**Prompt:** Beginning at the line containing "Boho Woven Waist", give again every line through the end of the data, unchanged and with both ends included. Drop any pictures.

**Information provided:**
+--
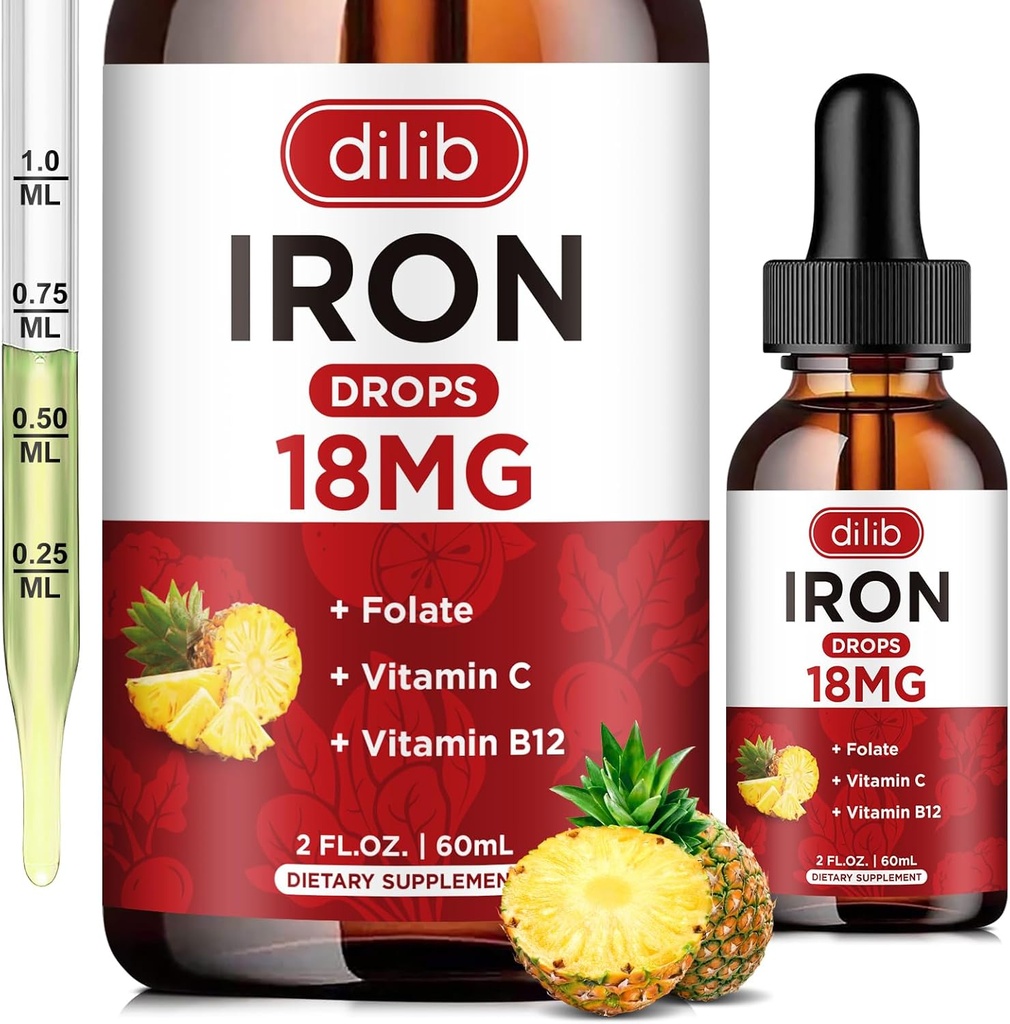 Liquid Iron Supplement for Women & Men Iron Drops Iron Supplements for Anemia with Folate, Vitamin C, B12 for Red Blood Cell Support-Pineapple Flavor, 2 Fl Oz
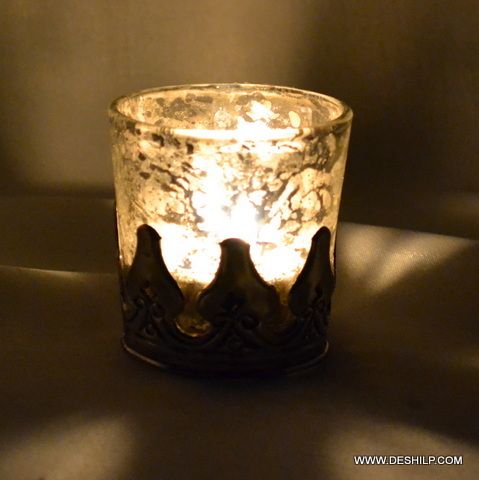 Decorated Glass Candle Votive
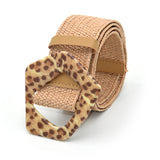 Boho Woven Waist Belt – Wide Linen-Inspired Belt with Round Buckle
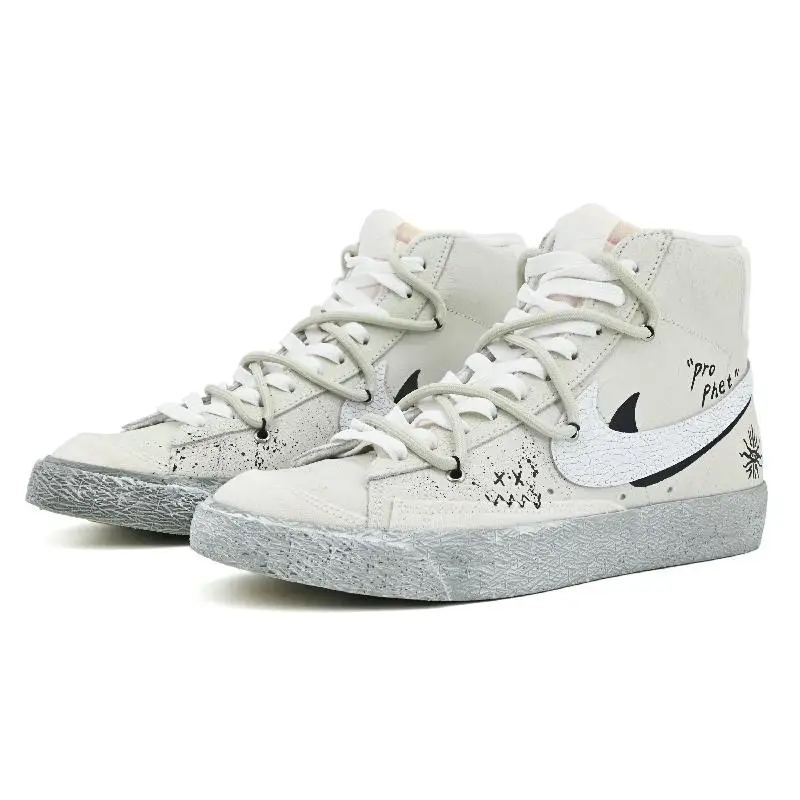 【تخصيص】أحذية Nike Blazer للتزلج للرجال أحذية رياضية متوسطة الجودة باللون البيج/الأسود DV0797-100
+--
**Reply to the exercise:**
 Boho Woven Waist Belt – Wide Linen-Inspired Belt with Round Buckle
 【تخصيص】أحذية Nike Blazer للتزلج للرجال أحذية رياضية متوسطة الجودة باللون البيج/الأسود DV0797-100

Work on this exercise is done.